Vivíamos o tempo cinzento da ditadura salazarista, com a televisão a preto e branco, de canal único, controlado pelo Poder, a dar ao domingo, depois de uma hora massacrante de fados, resumos de dois minutos, dos jogos mais importantes da jornada. Claro que, pelo que escrevi atrás, os jogos em que participava a ‘Briosa’ eram filmados, para mostrar os fabulosos golos que, aquela equipa maravilhosa, marcava todos os domingos. (Não posso precisar, mas creio que, desta equipa faziam ainda parte o Toni e o Rui Rodrigues que, depois se transferiram para o Benfica).
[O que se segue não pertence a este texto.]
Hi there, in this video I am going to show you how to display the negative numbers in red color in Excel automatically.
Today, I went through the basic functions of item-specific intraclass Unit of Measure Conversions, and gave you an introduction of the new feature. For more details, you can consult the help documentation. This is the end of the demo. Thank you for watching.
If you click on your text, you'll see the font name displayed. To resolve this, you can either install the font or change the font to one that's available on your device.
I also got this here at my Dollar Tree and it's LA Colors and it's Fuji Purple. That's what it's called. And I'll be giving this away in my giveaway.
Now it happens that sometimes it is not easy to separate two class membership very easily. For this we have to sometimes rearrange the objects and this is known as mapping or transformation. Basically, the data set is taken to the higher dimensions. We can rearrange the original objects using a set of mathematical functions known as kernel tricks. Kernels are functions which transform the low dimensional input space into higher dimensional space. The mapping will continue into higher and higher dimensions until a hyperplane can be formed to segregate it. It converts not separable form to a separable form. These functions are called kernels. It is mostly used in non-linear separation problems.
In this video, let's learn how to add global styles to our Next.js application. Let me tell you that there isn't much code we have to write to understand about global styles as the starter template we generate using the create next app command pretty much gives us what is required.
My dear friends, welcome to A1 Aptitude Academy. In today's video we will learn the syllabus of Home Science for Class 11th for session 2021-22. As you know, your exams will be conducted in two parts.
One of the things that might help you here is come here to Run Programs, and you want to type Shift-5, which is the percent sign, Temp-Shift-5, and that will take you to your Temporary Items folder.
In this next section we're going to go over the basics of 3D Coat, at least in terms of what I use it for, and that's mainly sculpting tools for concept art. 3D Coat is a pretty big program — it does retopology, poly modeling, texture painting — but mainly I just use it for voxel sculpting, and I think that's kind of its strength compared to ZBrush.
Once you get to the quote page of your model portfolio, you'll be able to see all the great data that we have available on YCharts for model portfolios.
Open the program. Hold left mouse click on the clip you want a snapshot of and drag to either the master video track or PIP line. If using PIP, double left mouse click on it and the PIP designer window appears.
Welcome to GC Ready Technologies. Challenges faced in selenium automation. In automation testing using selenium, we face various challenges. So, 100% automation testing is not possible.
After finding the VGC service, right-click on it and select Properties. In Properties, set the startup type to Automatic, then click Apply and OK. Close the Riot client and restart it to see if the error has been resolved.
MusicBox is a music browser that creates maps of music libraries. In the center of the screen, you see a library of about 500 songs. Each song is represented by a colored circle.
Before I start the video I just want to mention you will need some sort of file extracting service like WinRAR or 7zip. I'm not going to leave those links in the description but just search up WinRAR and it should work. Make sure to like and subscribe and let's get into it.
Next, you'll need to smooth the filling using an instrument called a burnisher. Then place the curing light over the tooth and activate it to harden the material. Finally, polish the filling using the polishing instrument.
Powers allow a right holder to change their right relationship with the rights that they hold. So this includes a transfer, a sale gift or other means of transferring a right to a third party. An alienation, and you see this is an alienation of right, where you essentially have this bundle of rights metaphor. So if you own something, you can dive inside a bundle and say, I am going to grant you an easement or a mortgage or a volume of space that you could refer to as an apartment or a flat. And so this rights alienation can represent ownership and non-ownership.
À segunda-feira de manhã, quando entrávamos na aula de Matemática, com os famigerados trabalhos de casa por fazer, havia sempre um de nós que, perguntava ao professor quando ele entrava na sala: «Sr. Dr., ontem viu o resumo do jogo da Académica?».
Não era preciso dizer mais nada, pois o mestre, com a sua pedagogia positiva, iria dar uma aula em que falaria da Vida, da Existência, vasto e profundo tema em que, também, se inseria a Matemática, mas onde estavam implícitas vertentes como o Desporto (as jogadas, os golos, os actuais e os antigos jogadores da Académica desde 1939, ano em que a ‘Briosa’ ganhou a primeira Taça de Portugal, tudo era comentado ao pormenor), a sã camaradagem das Repúblicas (as partidas que os estudantes faziam a colegas, professores, e a ‘civis’), a Literatura (foi ele que me deu a conhecer o In Illo Tempore de Trindade Coelho, com os seus episódios hilariantes, em especial, os do ‘Saraiva das Forças’, livro que, para mim, funcionou como uma iniciação àquilo que se aprende de bom no universo académico e universitário).
Por tudo isto, fiquei a gostar da Académica, único clube que, durante a crise de 69, tinha a coragem de jogar com um fumo de luto, mostrando o descontentamento do povo português relativamente à política de opressão e de terror, que se viviam naqueles tempos.